Yardbirds drummer Jim McCarty on piercing the veil in She Walks in Beauty

Jim Mccarty

Jim McCarty. // Courtesy Robert Knight

Drummer Jim McCarty is the original man behind the kit for the Yardbirds, the legendary blues-rock band from the UK. He’s the only member to have been part of every incarnation of the band for nearly six decades, including The New Yardbirds featuring Jimmy Page, which eventually split up and morphed into Led Zeppelin.

In 2018, McCarty put out his memoir, Nobody Told Me, in which the drummer told his life story. This year’s continuation, She Walks in Beauty, continues that tale, “while also giving the reader a very personal and intimate look at Jim’s personal lifelong quest to unravel the mysteries of the life that exists beyond the world in which we live.” It also “explores the world hidden just out of reach, the shadows that are just out of sight and the certainty that there is an enduring connection between the living and the dead,” following the passing of his wife, Elisabeth.

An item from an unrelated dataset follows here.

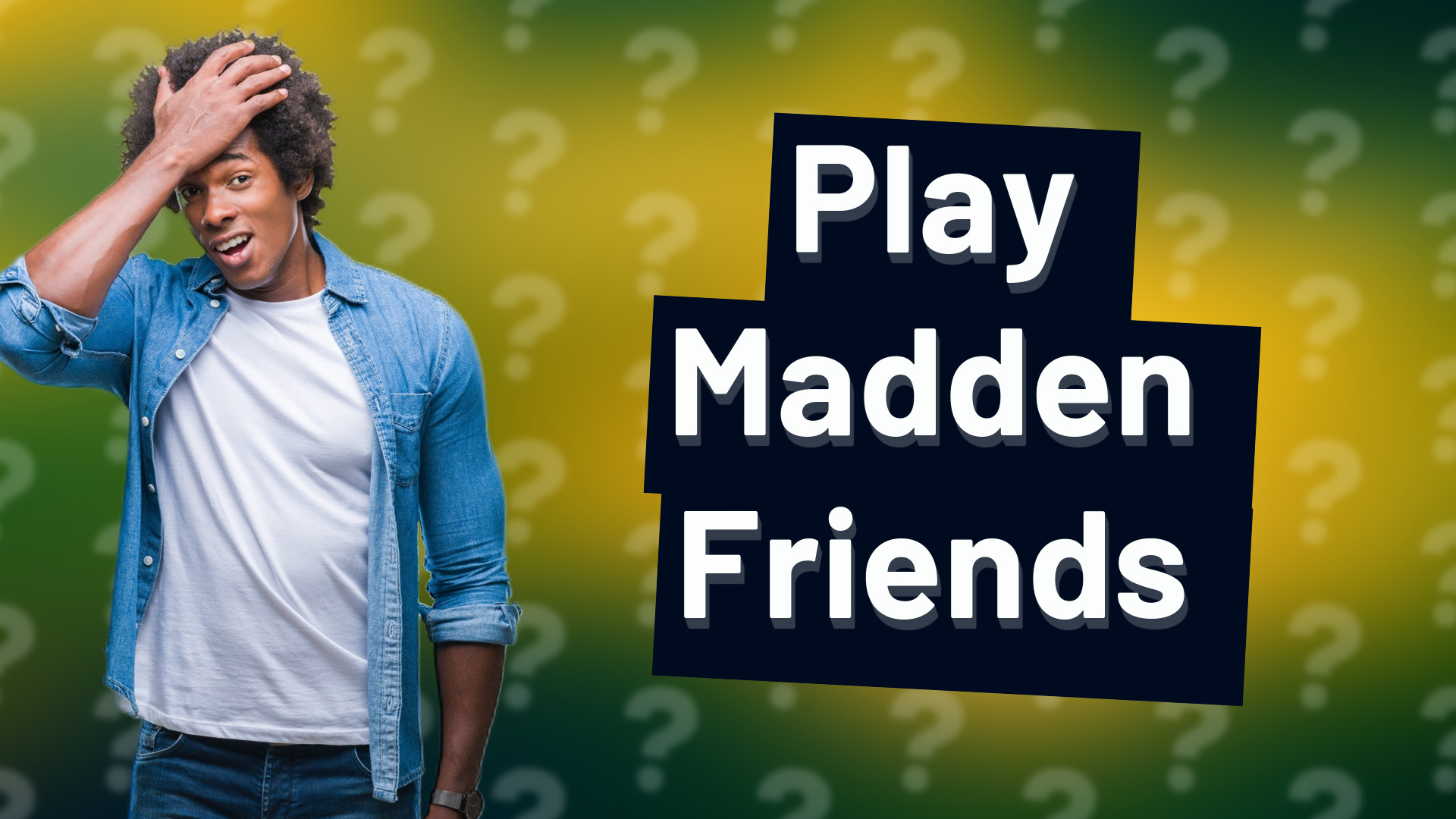 Play Madden Friends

McCarty spoke with us about She Walks in Beauty and the mysteries that potentially lay beyond the veil.


9781257829125 P0 V2 S1200x630The Pitch: Your new book starts from such an intriguing idea, but it’s also one that comes from such a sad place.

Jim McCarty: I was propelled to do it, in a way, because I was so close to my wife. I really was determined to find out what had happened to me if I could. I knew that a couple of people had seen her in dreams and they said she was fine. The last time I saw her, she was in a terrible state. If you read the book, that’s the account, actually: they saw her after she died and she was with me, walking where we used to walk. [They] said that she looked very happy–though I wasn’t very happy. I was crying.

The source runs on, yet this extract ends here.